Futbol oyun pratiği benim için öncelikli olarak bir mimaridir. Alan, zaman ve 11 kişilik insan kaynağıyla inşa edilen bu mimari, dinamik yapısıyla zihnin hayal edebileceği her türlü geometri biçimlerde form bulabilir. Ben yeteneğe inanmam. Kolektif oyunlarda değerli olan birleşik ve bitişik yeteneklerin toplamıdır. Yetenek bu oyunun ana malzemesidir ve diğer girdilerle ilişkisi kıymetli olur. Yetenekli olan inşa edilen oyundur. Tek bireyin değil toplam oyuncu grubunun total yeteneğidir burada ima edilen. Futbol ölçülebilir bir oyun olduğu için kesinliğe yakın bir şekilde yorumlanabilir.

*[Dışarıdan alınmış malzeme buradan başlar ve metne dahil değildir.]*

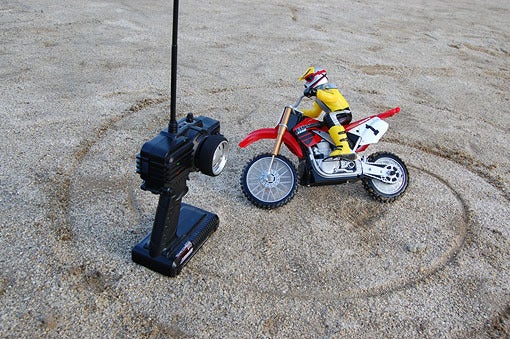 タイヨー RCバイク 全開走行♪ （と言うほどの事か？） | マッチド単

Yetenek çok tekrar ve sıkı çalışma sonucu bedenimizin o işi yapmak için aldığı formun adıdır. Yetenek doğumla gelmez. Anne rahminden koptuktan sonra yaşanılan hikâyenin meyvesidir. Özgün bir oyun, sürdürülebilir bir plan ve tekrar edilebilen hareketler dizisi, yetenek halkasının, yetenekler zincire dönüştürülmesiyle ancak mümkün hale gelebilir.
Ama Türkiye oyunu, yeteneğin icra ettiği eylem olarak görüp algılıyor.
Burada önemli olan ilkesel olgu, yeteneği oyunun yerine ikame eden zihniyetin mahkûm edilmesidir. Oyun bütün, yetenek parçadır. Yetenek oyunun avadanlıklarındandır.
Türk dostlarıma akıl vermek gibi olmasın ama içinde Fatih Terimlerin Şenol Güneşlerin, Rıdvan Dilmenlerin ve Erman Toroğluların olmadığı yepyeni bir hikâye yazmak zorundasınız. Yoksa bu köhne gemi sürekli su almaya devam eder.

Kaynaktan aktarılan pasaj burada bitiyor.